**Your goal**
What you return should be the entries, unchanged, without their pictures.

:: Material to process ::

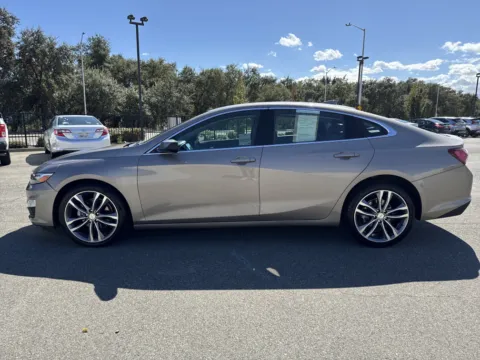 More photos of 2024 Chevrolet Malibu LT at Park Marina Motors, CA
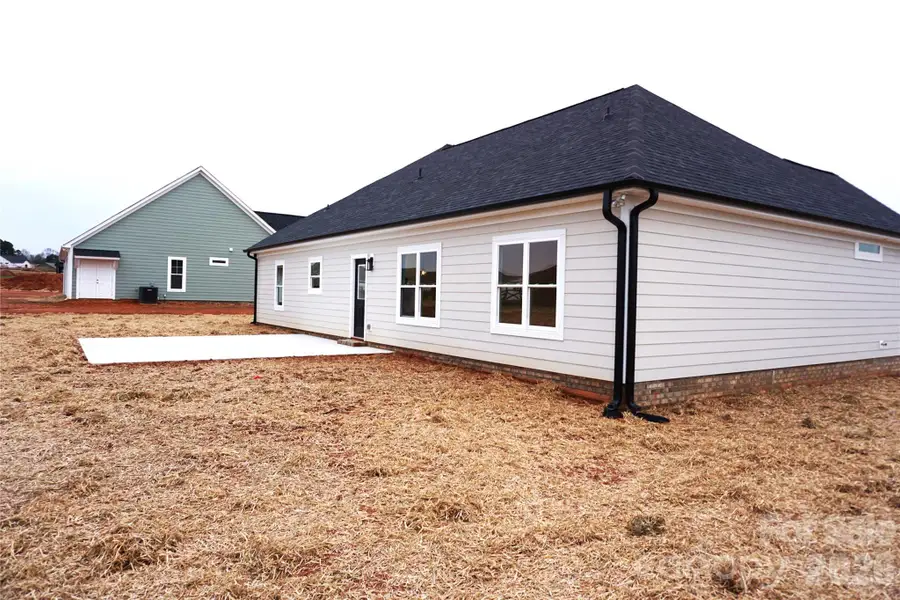 Exterior details and patio area of a home in , Salisbury (Image 2). Exterior details and patio area of a home in , Salisbury (Image 2).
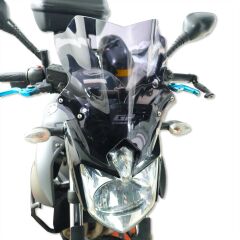 GP Kompozit Yamaha XJ6 2011-2016 Uyumlu Ön Cam Füme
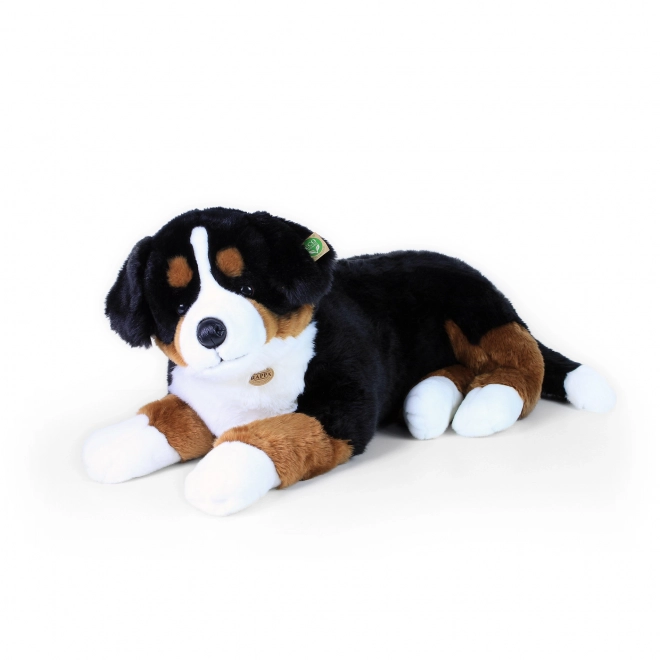 Large Plush Bernese Mountain Dog Eco-Friendly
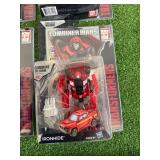 Transformers Combiner Wars Mirage, Sunstreaker, Prowl & Ironhide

:::

**Answer below**
 More photos of 2024 Chevrolet Malibu LT at Park Marina Motors, CA
 Exterior details and patio area of a home in , Salisbury (Image 2). Exterior details and patio area of a home in , Salisbury (Image 2).
 GP Kompozit Yamaha XJ6 2011-2016 Uyumlu Ön Cam Füme
 Large Plush Bernese Mountain Dog Eco-Friendly
 Transformers Combiner Wars Mirage, Sunstreaker, Prowl & Ironhide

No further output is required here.